12

I saw sed 's=.*/==' in context of sh script and I'm puzzled. I could not find in sed manual or web search (for sed s=) how s is used, not s///. Apart from s I see only one potential command here = (Print the current input line number), but in such case what the rest is doing...

Running the command in shell produces same output as input for e.g echo 'jkfdsa=335r34', whereas echo 'jkfdsa=335r34' | sed 's/=.*/==/' does replacement as per manual. Also slightly modifying command to e.g. echo 'jkfdsa=3' | sed 's798=.*/==/' gives
sed: -e expression #1, char 11: unterminated 's' command, so original should have some correct meaning. What is it?

ilkkachu
  • 138,973
Alex Martian
  • 1,035

3 Answers3

26

The = are alternative delimiters. These are used since the pattern contains a / (which is the more commonly used delimiter). Almost any character can be used as an alternative delimiter, so s@.*/@@ or s_.*/__ would have meant the same thing. With the ordinary delimiter, the sed expression could have been written as

s/.*\///

(the literal / that the expression wants to match needs to be escaped here) or, possibly more readable,

s/.*[/]//

(most characters within a [...] character class are literal1)

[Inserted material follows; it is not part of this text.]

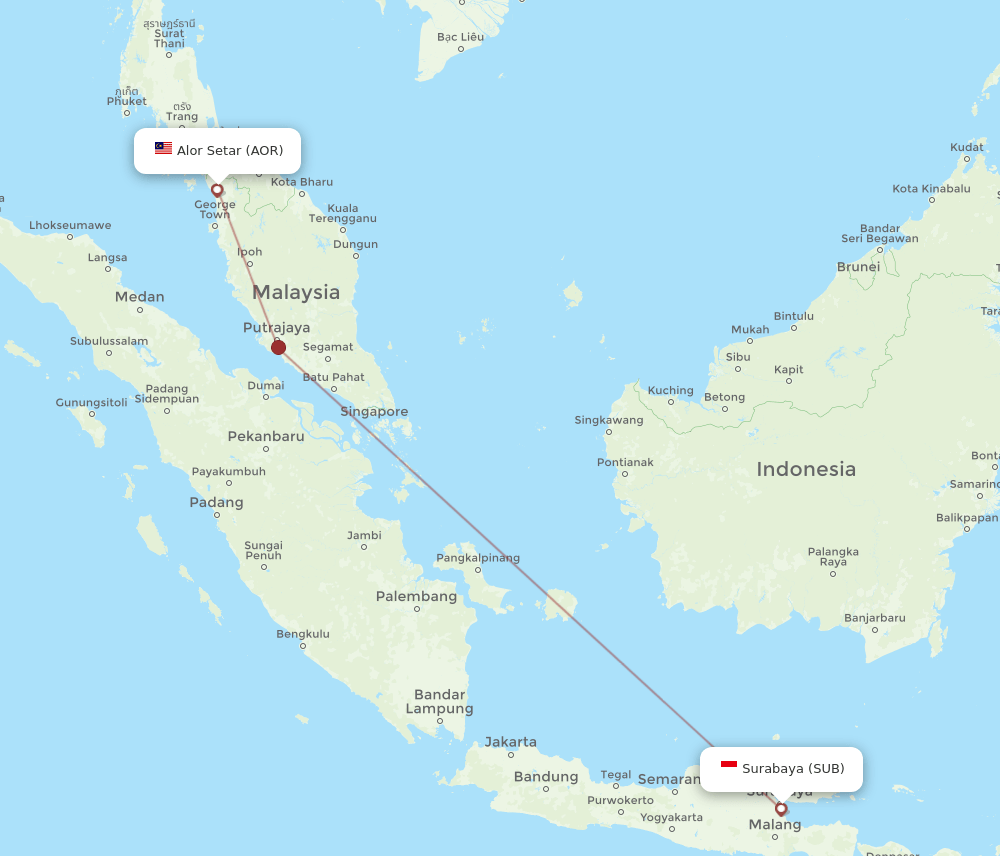 AOR to SUB flights and routes map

What the sed expression does is to substitute anything that matches .*/ with nothing. This will have the effect of removing everything up to and including the last / character on the line. It will remove up to the last / (not the first) since .* does a greedy match of any sequence of any characters.

Example:

$ echo 'a/b/c' | sed 's/.*[/]//'
c

The unterminated 's' command error that you get when testing

s798=.*/==/

is due to 7 being used as the delimiter for the s command. The expression

s7.*/77

would have worked though.


1 ... apart from the characters that have special meaning within [...] such as ^ (at the start) and - (when not first, second after ^, or last). The characters [ and ] also needs special treatment within [...], but that goes outside the scope of this question.


If this is used to get the filename at the end of a path in some string or shell variable, then the basename utility may do a better job of it (and also does the right thing if the path ends with a slash):

$ basename a/b/c
c
$ basename a/b/c/
c

Likewise, the standard shell parameter substitution ${variable##*/} would, assuming the variable contains no newlines, be equivalent in its effect to passing the value of $variable through the above sed expression in a command substitution, but many times faster.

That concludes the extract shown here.